The problem =
Write out, word for word and with no pictures, each line below from the one containing "Light Green with" through the one containing "A woman with", both included, and no other line.

━━ Given data

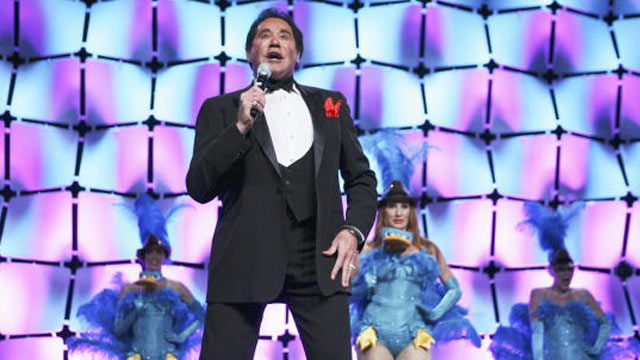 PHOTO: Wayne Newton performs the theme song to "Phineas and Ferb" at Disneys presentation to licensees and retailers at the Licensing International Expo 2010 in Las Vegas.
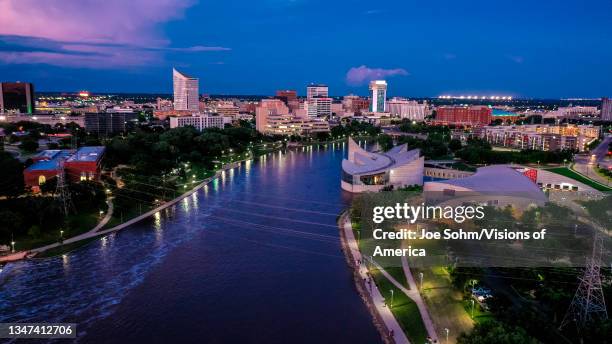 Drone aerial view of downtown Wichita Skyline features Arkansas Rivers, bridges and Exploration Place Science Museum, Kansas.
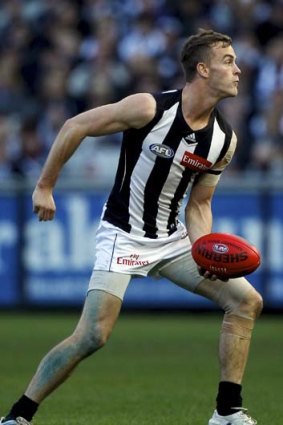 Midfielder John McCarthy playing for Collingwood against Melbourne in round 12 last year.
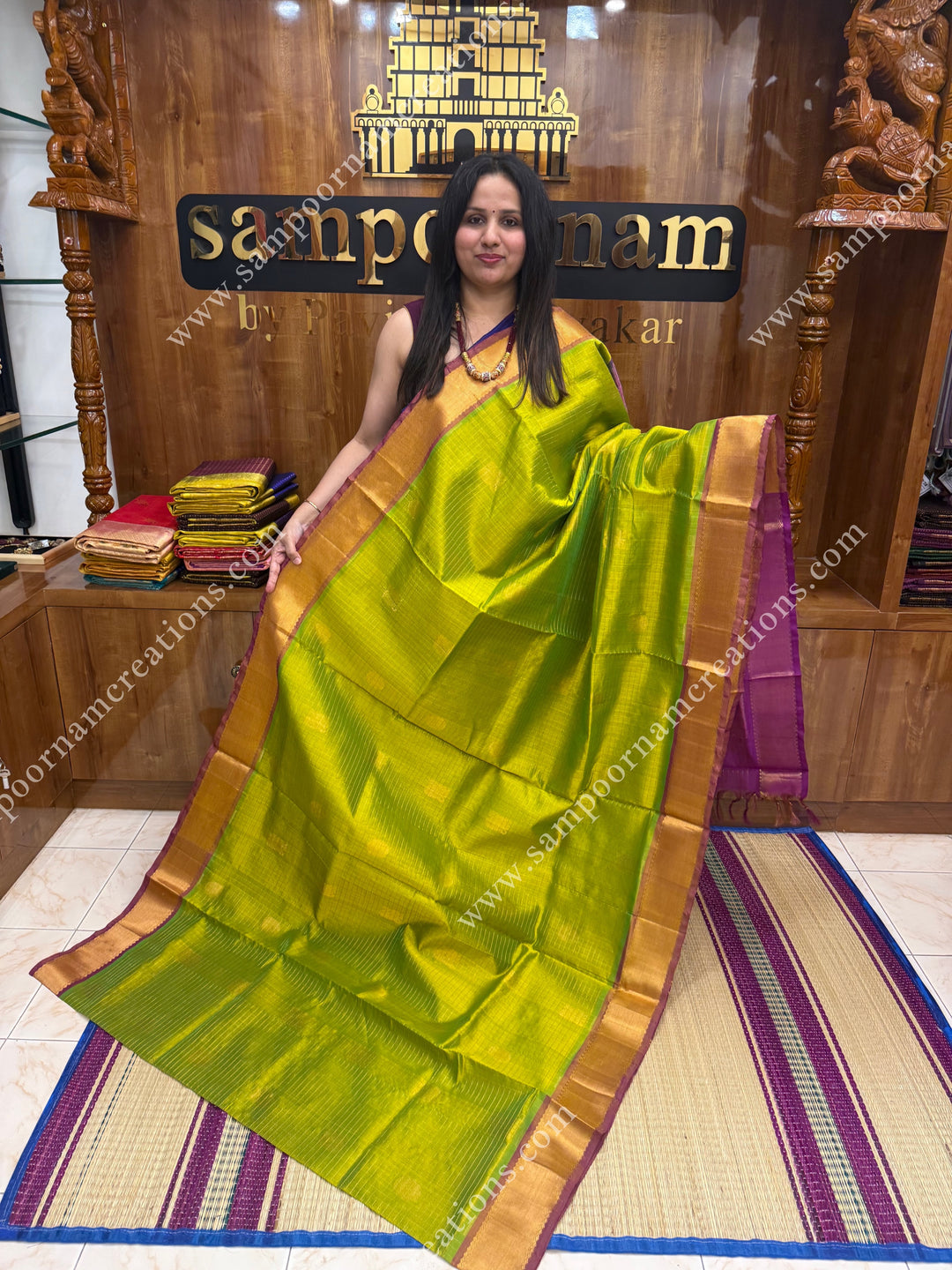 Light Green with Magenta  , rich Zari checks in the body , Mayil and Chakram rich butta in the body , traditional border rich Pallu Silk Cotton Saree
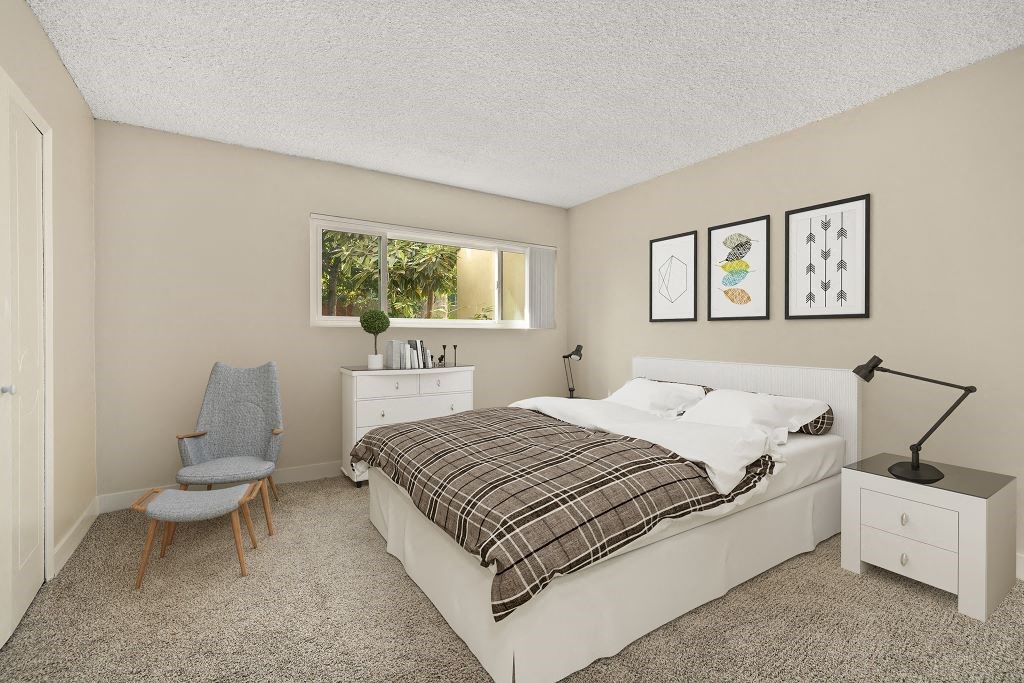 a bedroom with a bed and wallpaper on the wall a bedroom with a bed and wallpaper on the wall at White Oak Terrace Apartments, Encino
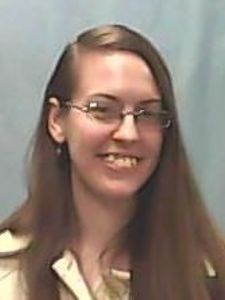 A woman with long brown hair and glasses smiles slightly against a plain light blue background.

━━━━
━━ Given data

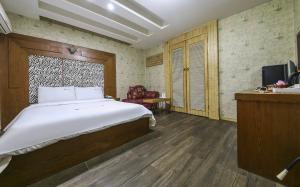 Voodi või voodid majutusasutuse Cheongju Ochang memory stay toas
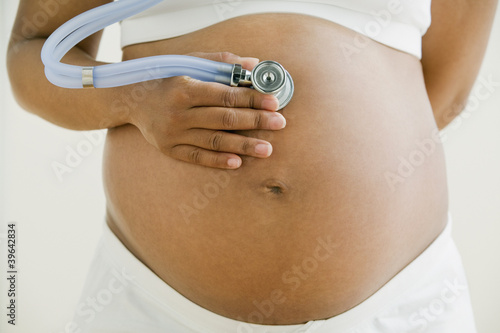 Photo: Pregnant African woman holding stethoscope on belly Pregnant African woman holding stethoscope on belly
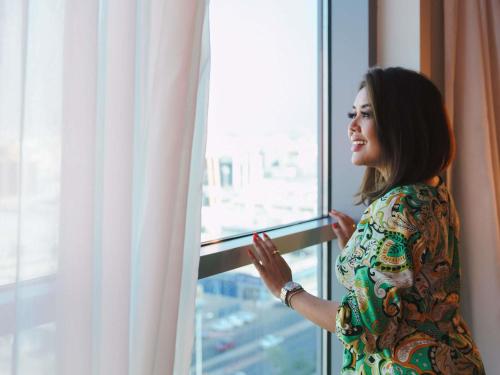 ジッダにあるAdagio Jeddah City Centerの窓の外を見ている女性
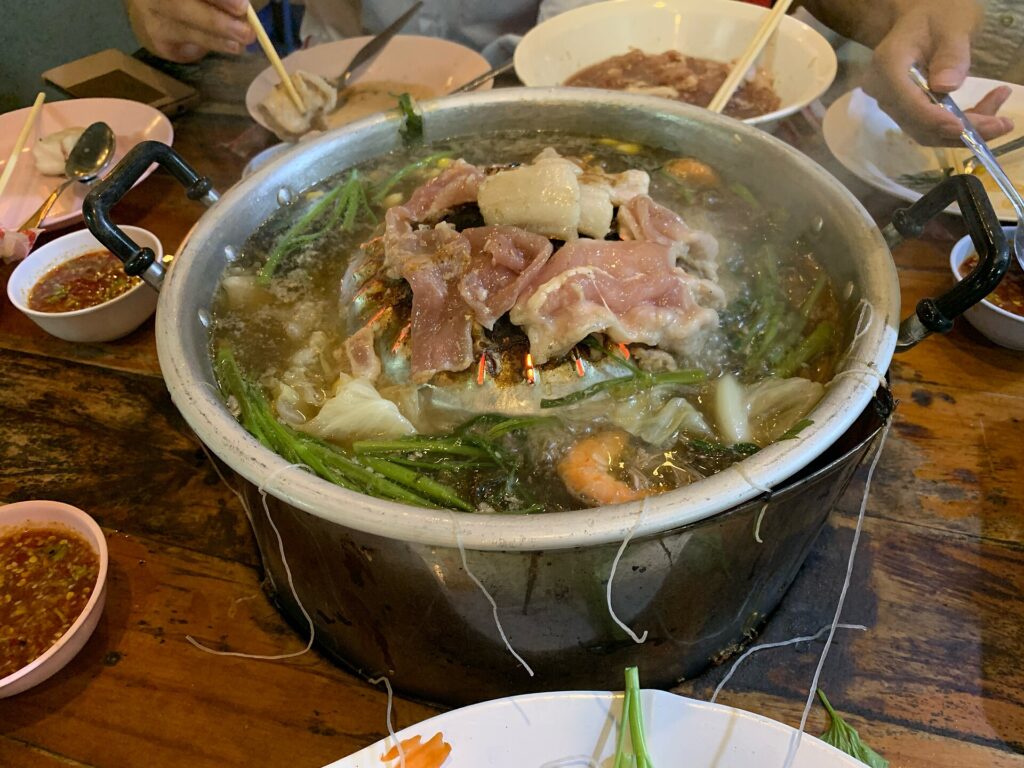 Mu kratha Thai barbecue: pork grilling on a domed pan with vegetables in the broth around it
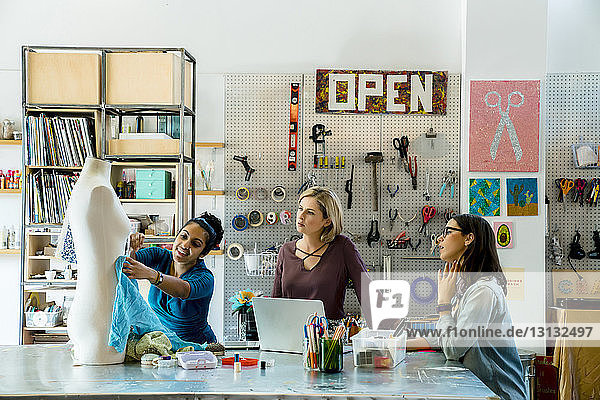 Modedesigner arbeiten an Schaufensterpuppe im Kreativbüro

━━━━
━━ Given data

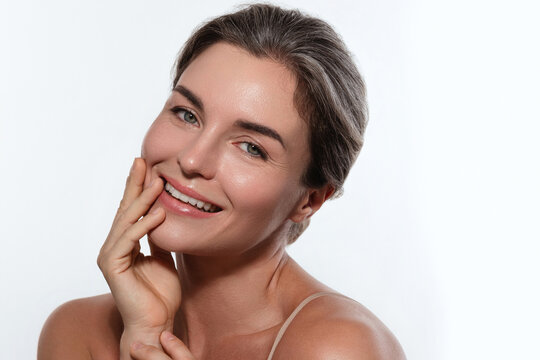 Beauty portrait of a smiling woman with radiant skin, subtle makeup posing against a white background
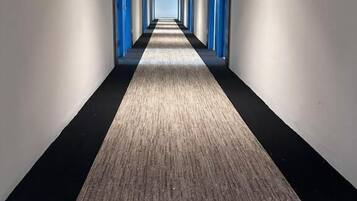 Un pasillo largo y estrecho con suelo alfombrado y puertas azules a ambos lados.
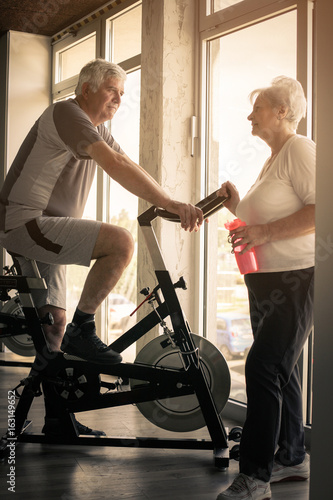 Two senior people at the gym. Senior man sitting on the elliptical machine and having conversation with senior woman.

━━━━

Response below =
 Light Green with Magenta  , rich Zari checks in the body , Mayil and Chakram rich butta in the body , traditional border rich Pallu Silk Cotton Saree
 a bedroom with a bed and wallpaper on the wall a bedroom with a bed and wallpaper on the wall at White Oak Terrace Apartments, Encino
 A woman with long brown hair and glasses smiles slightly against a plain light blue background.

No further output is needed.